To complicate things, the multiple active p2 functions can be lifted
into function pointers, all of which are simultaneously valid.


Each of those p2 pointers could be called back by some external function.
Those calls have to establish an environment which resolves to the
correct k2, and at the same time to the one and only k1.


That doesn't rule out display vectors, but it seems like each function
activation has to have its own complete display vector.


For instance the p2 level functions need a two-level vector.
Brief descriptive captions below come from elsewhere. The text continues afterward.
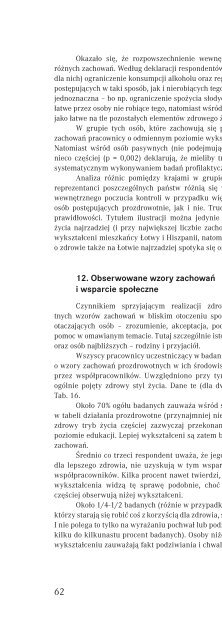 Nisko wyksztaÅceni pracownicy a zdrowie â wyzwania dla edukacji ...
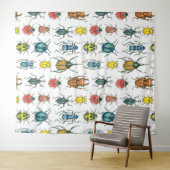 カブトムシ タペストリー (インサイチュ(横))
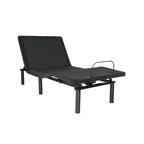 Sommier Électrique Réglable Noir Antique Twin XL avec Télécommande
Under
the same main invocation, they share the vec[0] entry pointing to
the main frame; but each one has a different vec[1] referencing its
own frame.


When a p3 executes it has its own 3 element vec[]. The vec[0] and
vec[1] are copied from the parent p2. If a pointer to a p3 is captured,
then its vec[1] correctly references the particular dynamic p2 instance
in which it is scoped; vec[2] references its own environment.


Under this scheme, we basically we need o(n^2) storage for the vectors,
for n nesting levels in the absence of recursion.


The compiler can determine which functions aren't subject to indirection
and avoid allocating the trampoline space for that.


If functions are downward funargs only (turn to garbage when they go out
of scope), the trampoline space needed to capture a given function
invocation can be part of the activation record of the block in which
that function is declared. When that block terminates, the function is
garbage, and so is its trampoline.


> implement unless you're doing this for a real machine with a real (and
> therefore limited) set of registers.


Hmm. The vectors can be treated like any array, or set of local
variables (v0, v1, ..). We generate abstract AST code to load these and
use them; then that code gets subject to register allocation like
anything else.
[As I recall, you do need a display with a pointer for each lexical scope,
but so long as you don't expect closures to work, you can do it in
constant time with a fixed location where each scope stores its
current frame pointer. If you want closures, then you're into tree
shaped stacks and garbage collected stack frames. -John]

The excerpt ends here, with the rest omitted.